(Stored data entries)
_____

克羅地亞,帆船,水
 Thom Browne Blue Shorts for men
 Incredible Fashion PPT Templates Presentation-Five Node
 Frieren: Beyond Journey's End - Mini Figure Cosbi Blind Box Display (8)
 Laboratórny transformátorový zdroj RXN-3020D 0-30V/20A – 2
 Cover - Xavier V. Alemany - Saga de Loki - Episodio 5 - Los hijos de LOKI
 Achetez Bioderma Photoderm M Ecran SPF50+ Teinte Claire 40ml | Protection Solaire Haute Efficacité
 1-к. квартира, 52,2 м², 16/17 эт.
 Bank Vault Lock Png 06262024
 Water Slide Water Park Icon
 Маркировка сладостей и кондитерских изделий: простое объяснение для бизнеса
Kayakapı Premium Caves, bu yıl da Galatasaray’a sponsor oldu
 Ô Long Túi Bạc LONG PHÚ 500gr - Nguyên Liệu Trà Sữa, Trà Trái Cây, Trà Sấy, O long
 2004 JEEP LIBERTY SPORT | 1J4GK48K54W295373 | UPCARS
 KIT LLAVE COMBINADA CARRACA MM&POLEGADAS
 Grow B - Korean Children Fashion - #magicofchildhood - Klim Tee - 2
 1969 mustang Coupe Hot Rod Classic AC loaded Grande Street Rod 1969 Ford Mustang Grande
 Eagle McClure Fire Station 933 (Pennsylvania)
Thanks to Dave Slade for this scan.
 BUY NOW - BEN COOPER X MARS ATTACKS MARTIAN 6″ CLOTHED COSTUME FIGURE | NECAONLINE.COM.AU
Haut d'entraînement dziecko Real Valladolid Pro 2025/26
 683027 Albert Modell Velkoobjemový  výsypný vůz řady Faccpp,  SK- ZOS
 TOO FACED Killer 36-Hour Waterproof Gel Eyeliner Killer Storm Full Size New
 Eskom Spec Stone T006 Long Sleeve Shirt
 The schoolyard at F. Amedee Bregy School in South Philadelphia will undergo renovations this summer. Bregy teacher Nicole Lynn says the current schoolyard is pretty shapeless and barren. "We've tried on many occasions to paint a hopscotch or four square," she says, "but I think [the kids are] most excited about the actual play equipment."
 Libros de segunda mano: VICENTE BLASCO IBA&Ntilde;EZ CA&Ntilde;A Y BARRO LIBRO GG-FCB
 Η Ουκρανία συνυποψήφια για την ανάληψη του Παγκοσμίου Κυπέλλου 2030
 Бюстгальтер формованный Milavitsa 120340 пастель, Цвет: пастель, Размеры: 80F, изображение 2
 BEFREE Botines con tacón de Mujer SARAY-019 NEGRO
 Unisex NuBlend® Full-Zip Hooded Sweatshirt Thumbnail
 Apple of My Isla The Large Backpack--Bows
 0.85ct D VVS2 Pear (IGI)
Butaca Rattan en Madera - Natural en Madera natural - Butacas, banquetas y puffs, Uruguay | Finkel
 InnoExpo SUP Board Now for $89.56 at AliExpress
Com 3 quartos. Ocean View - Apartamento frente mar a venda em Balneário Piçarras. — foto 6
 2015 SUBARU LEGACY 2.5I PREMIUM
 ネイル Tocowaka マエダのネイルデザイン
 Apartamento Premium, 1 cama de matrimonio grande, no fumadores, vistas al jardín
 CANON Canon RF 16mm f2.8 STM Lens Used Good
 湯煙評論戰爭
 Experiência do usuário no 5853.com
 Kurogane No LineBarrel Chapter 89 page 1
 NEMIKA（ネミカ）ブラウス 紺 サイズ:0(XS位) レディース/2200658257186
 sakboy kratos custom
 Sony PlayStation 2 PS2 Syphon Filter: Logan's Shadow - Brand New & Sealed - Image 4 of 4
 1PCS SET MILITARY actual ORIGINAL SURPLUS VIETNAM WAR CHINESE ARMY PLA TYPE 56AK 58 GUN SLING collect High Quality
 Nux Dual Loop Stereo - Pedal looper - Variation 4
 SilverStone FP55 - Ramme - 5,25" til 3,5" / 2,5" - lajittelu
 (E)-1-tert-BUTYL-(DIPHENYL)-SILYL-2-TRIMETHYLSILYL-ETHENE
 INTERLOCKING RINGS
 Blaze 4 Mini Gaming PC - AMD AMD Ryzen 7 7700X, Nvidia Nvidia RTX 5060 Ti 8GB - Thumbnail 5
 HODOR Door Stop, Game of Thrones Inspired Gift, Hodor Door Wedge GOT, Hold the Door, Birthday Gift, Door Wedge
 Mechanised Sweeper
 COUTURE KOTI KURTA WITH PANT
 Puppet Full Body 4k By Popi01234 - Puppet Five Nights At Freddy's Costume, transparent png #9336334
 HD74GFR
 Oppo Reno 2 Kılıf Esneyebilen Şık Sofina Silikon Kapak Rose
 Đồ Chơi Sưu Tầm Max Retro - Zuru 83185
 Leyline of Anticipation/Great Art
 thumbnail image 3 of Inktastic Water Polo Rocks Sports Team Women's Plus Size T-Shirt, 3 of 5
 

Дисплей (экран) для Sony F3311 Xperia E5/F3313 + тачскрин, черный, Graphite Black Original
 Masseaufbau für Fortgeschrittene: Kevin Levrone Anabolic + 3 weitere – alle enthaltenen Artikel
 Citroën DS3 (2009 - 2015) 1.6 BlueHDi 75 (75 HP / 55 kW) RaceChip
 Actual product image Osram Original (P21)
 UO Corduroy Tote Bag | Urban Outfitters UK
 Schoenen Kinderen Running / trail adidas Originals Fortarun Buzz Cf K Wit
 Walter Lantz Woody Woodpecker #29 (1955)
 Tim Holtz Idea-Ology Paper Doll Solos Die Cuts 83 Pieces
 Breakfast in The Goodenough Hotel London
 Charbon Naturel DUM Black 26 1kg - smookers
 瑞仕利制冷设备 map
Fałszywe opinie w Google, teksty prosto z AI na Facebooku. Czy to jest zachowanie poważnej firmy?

_____

# ACTIVITY:
Please give back, exactly as it stands above, the stretch from the line with "Cover - Xavier" through the line with "Apartamento Premium, 1", and no line outside it.

# RESPONSE:
 Cover - Xavier V. Alemany - Saga de Loki - Episodio 5 - Los hijos de LOKI
 Achetez Bioderma Photoderm M Ecran SPF50+ Teinte Claire 40ml | Protection Solaire Haute Efficacité
 1-к. квартира, 52,2 м², 16/17 эт.
 Bank Vault Lock Png 06262024
 Water Slide Water Park Icon
 Маркировка сладостей и кондитерских изделий: простое объяснение для бизнеса
Kayakapı Premium Caves, bu yıl da Galatasaray’a sponsor oldu
 Ô Long Túi Bạc LONG PHÚ 500gr - Nguyên Liệu Trà Sữa, Trà Trái Cây, Trà Sấy, O long
 2004 JEEP LIBERTY SPORT | 1J4GK48K54W295373 | UPCARS
 KIT LLAVE COMBINADA CARRACA MM&POLEGADAS
 Grow B - Korean Children Fashion - #magicofchildhood - Klim Tee - 2
 1969 mustang Coupe Hot Rod Classic AC loaded Grande Street Rod 1969 Ford Mustang Grande
 Eagle McClure Fire Station 933 (Pennsylvania)
Thanks to Dave Slade for this scan.
 BUY NOW - BEN COOPER X MARS ATTACKS MARTIAN 6″ CLOTHED COSTUME FIGURE | NECAONLINE.COM.AU
Haut d'entraînement dziecko Real Valladolid Pro 2025/26
 683027 Albert Modell Velkoobjemový  výsypný vůz řady Faccpp,  SK- ZOS
 TOO FACED Killer 36-Hour Waterproof Gel Eyeliner Killer Storm Full Size New
 Eskom Spec Stone T006 Long Sleeve Shirt
 The schoolyard at F. Amedee Bregy School in South Philadelphia will undergo renovations this summer. Bregy teacher Nicole Lynn says the current schoolyard is pretty shapeless and barren. "We've tried on many occasions to paint a hopscotch or four square," she says, "but I think [the kids are] most excited about the actual play equipment."
 Libros de segunda mano: VICENTE BLASCO IBA&Ntilde;EZ CA&Ntilde;A Y BARRO LIBRO GG-FCB
 Η Ουκρανία συνυποψήφια για την ανάληψη του Παγκοσμίου Κυπέλλου 2030
 Бюстгальтер формованный Milavitsa 120340 пастель, Цвет: пастель, Размеры: 80F, изображение 2
 BEFREE Botines con tacón de Mujer SARAY-019 NEGRO
 Unisex NuBlend® Full-Zip Hooded Sweatshirt Thumbnail
 Apple of My Isla The Large Backpack--Bows
 0.85ct D VVS2 Pear (IGI)
Butaca Rattan en Madera - Natural en Madera natural - Butacas, banquetas y puffs, Uruguay | Finkel
 InnoExpo SUP Board Now for $89.56 at AliExpress
Com 3 quartos. Ocean View - Apartamento frente mar a venda em Balneário Piçarras. — foto 6
 2015 SUBARU LEGACY 2.5I PREMIUM
 ネイル Tocowaka マエダのネイルデザイン
 Apartamento Premium, 1 cama de matrimonio grande, no fumadores, vistas al jardín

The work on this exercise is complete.